The Quild Future Unicorn is a weekly product-focused note highlighting early-stage startups with statistically significant signals of becoming unicorns.
Claypot unifies streaming and batch systems to make it easier and cheaper for companies to do online prediction and continuous evaluation. They provide the infrastructure for other companies to build, train, and serve their models.
Founders: Chip Huyen, Zhenzhong Xu
Signals:
Venture-backed startup experience
Chip was a machine learning engineer at Snorkel (1+ yrs)
Top company alumni
Chip was a deep learning engineer at NVIDIA (1+ yrs)
Zhenzhong was an engineer at Microsoft (7+ yrs) and Netfllix (6+ yrs)
Top university alumni
Chip graduated from Stanford University (BS, MS)
Top investors
Lightspeed invested
Quiet Capital invested
They’re looking for founding machine learning and infrastructure engineers to join their team!
The Future Unicorn series is powered by Specter, a data intelligence provider for the world's leading investors like Accel and Bessemer. I have been working with data-driven tools for venture for a long time, and Specter's is the best one.
Product Notes
Claypot is still in stealth so there’s no product to talk about. But we know the problem they’re trying to solve from their white paper.
Problem and persona
Claypot is tackling the data scientists & machine learning engineers’ problems of batch predictions and manual, stateless model retraining.
Batch prediction refers to precomputed machine learning predictions calculated at regular intervals. In a scenario of you browsing an e-commerce store, batch predictions implies that the item recommendations you see are somewhat relevant in general, but irrelevant to what you are looking at the moment. If you were browsing for books yesterday and today you are looking for same-day delivery toilet paper, the store will be recommending the wrong type of paper for your restroom relief. This is not the optimal user experience because you will have to do a few more clicks (aren’t we spoiled). In some contexts though, batch prediction will not work at all. Collision detection for cars needs real-time (sometimes called online) predictions.

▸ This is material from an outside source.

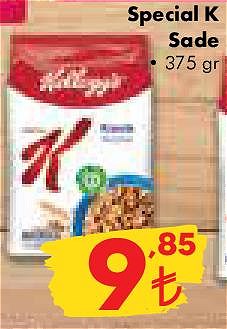 Kellogg's Special K Sade 375 gr image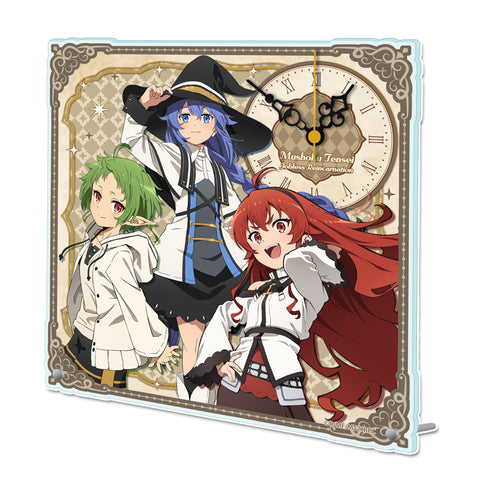 『無職転生 ~異世界行ったら本気だす~』アクリル置時計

Manual, stateless model retraining refers to the process of manually retraining a machine learning model and the trigger to retrain the model is not because of data distribution shifts or model degradation. This was how I practiced data science years ago. I built models for banks that were manually retrained every year only because the regulator requires the banks to. Stateless retraining means training the model from scratch across the whole data set. The problem with this set up is that retraining is time-consuming (manual) and costly (runs through entire data set). Another problem is that the models might already be useless before retraining. A simple example of this is a real estate price estimation model with sqft as a key variable. In San Francisco, the average $/sqft was over $1,200 in 2021. In 2022, it rapidly dropped to $1,000. If the model only retrains once a year, the price estimates would have been off by 20% in 2022.